Anonymous Monk has asked for the wisdom of the Perl Monks concerning the following question:

I have a form that accepts file uploads. A user is free to upload files with any names they like. Most file names will be in English, but some will have names with East Asian characters (Chinese, Korean, etc.)

I need to save these files to a Windows server. And I must keep their original names.

Is it necessary for Perl to know the language of the string? Is it possible to "sniff out" the language?

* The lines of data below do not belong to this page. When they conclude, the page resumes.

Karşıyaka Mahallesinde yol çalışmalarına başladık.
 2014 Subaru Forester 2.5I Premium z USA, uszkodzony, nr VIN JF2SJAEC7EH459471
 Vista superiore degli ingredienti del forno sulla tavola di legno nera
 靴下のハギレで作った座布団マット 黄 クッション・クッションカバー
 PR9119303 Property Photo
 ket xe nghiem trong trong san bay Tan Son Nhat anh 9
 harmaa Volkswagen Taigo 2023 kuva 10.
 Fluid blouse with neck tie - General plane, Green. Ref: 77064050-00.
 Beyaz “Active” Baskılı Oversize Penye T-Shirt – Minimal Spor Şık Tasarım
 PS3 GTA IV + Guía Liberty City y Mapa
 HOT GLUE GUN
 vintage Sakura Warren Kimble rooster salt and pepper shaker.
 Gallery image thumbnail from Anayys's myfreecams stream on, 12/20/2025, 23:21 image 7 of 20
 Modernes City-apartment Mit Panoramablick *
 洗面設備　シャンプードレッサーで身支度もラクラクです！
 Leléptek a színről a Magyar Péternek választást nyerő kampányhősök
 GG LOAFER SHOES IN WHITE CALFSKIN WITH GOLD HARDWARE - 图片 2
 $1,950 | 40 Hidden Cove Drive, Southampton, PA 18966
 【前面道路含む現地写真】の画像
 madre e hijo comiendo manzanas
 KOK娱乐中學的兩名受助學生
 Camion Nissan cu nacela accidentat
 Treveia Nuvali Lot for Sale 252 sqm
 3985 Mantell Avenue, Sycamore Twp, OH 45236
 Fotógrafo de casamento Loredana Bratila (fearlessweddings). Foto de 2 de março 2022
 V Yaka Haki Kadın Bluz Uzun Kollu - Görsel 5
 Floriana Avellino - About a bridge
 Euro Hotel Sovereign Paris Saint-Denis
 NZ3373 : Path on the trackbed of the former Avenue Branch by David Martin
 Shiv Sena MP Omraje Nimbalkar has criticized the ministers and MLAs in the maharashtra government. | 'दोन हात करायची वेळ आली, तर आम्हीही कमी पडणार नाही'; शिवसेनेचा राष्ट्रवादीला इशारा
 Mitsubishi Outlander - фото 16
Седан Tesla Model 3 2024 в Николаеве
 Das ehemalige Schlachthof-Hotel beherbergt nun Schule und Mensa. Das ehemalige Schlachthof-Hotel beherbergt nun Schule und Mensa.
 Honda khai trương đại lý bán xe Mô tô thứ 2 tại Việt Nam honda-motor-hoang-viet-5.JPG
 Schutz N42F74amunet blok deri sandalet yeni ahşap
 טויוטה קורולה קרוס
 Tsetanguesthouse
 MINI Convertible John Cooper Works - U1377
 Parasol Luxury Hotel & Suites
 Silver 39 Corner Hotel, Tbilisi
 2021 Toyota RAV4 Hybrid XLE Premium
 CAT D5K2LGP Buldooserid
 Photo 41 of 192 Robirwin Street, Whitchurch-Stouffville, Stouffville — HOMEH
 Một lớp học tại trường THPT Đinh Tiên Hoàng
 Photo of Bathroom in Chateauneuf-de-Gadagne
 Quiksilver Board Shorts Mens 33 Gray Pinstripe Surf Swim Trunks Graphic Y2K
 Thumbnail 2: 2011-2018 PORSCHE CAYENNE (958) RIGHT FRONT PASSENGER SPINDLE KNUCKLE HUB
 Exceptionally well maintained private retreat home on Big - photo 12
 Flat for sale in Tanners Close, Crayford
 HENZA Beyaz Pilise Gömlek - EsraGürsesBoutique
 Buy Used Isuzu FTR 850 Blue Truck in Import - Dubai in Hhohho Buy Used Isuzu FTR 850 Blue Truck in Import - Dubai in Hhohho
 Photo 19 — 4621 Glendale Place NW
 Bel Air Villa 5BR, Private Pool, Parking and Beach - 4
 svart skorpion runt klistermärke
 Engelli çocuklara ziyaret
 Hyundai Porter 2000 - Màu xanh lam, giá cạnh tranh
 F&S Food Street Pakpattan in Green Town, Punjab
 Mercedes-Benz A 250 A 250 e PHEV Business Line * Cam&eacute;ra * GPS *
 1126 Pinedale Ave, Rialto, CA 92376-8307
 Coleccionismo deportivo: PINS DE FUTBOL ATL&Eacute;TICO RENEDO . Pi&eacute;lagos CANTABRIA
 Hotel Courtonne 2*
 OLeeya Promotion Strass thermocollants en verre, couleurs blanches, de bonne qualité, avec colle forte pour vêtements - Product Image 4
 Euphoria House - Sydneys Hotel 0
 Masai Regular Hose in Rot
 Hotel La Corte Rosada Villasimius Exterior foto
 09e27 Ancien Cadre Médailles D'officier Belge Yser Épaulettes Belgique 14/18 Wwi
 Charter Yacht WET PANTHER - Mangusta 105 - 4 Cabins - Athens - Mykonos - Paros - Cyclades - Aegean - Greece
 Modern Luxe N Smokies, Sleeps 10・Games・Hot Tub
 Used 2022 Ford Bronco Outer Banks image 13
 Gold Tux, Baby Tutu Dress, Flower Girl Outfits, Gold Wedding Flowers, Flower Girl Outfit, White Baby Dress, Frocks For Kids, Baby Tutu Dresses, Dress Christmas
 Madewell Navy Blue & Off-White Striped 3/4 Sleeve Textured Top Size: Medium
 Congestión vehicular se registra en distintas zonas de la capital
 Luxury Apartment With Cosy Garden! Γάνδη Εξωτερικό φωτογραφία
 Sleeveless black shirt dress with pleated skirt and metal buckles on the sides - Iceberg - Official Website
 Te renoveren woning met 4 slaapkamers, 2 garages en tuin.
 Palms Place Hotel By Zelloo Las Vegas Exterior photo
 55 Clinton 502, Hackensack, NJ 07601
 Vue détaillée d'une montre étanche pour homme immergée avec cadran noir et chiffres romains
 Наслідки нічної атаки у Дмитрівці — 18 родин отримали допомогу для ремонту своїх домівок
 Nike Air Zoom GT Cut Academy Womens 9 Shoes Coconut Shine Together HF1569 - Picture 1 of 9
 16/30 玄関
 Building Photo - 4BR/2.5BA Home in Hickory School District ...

Thanks for any ideas on how to implement this. ikegami has already provided much help with this code:

use strict; use warnings; use Encode qw( encode ); use Symbol qw( gensym ); use Win32API::File qw( CreateFileW OsFHandleOpen CREATE_ALWAYS GENERIC_WRITE ); my $qfn = chr(0x263a); # Whatever my $win32f = CreateFileW( encode('UCS-2le', $qfn), GENERIC_WRITE, # For writing 0, # Not shared [], # Security attributes CREATE_ALWAYS, # Create and replace 0, # Special flags [], # Permission template ) or die("CreateFile: $^E\n"); OsFHandleOpen( my $fh = gensym(), $win32f, 'w' ) or die("OsFHandleOpen: $^E\n"); print $fh "Foo!\n";

Replies are listed 'Best First'.
Re: Converting East Asian strings
by CountZero (Bishop) on Apr 14, 2009 at 05:49 UTC
    Another solution would be to transliterate the filenames into good 'ole' plain ASCII with Text::Unidecode. You would loose the exact filename, but it would give you a valid filename.

    If you keep a table somewhere in a database for translating between the original name and the transliterated file name, your web-site can still show the original name (and retrieve the file with its transliterated filename).

    Any problem in computer science can be solved with another layer of indirection. (David Wheeler)

    CountZero

    A program should be light and agile, its subroutines connected like a string of pearls. The spirit and intent of the program should be retained throughout. There should be neither too little or too much, neither needless loops nor useless variables, neither lack of structure nor overwhelming rigidity." - The Tao of Programming, 4.1 - Geoffrey James

Re: Converting East Asian strings
by Lu. (Hermit) on Apr 14, 2009 at 13:39 UTC
    You can try to "sniff out" the encoding with Encode::Guess, if you know the range of encodings you will be confronted to.
Re: Converting East Asian strings
by Burak (Chaplain) on Apr 14, 2009 at 18:02 UTC
    I wonder why don't we have something like this in core or at least in IO::File? Anyone suggested and rejected by porters?

      As far as I'm aware, there are some plans for redoing the filename handling of Perl, but the ugly problem is that Windows is the only OS that has something remotely resembling a statement about the encoding of filenames. Unixish operating systems use "native" filename encoding, that is, simple octet streams, but there is no easy way for Perl to find out what encoding a filename uses. I don't know if at least OSX states the encoding of a filename, or even simply uses UTF8. And let's not start talking about network shares...

        ...but there is no easy way for Perl to find out what encoding a filename uses.

        Not sure why Perl would have to find out the encoding of filenames. Last time I needed such a thing, I would have been perfectly happy to have a pragma - something like use filenames "UTF-8", or so - in order to manually specify the encoding being used with filenames on the system in question.

        I mean, no need to auto-determine anything here. Perl doesn't try to determine the encoding of file's contents either, or the encoding of the script source... For this, we have IO layers and use utf8; (for the source) or use encoding "...";. In other words, here it's also in the responsibility of the programmer to specifiy all encodings being used.  Why should filenames be handled differently?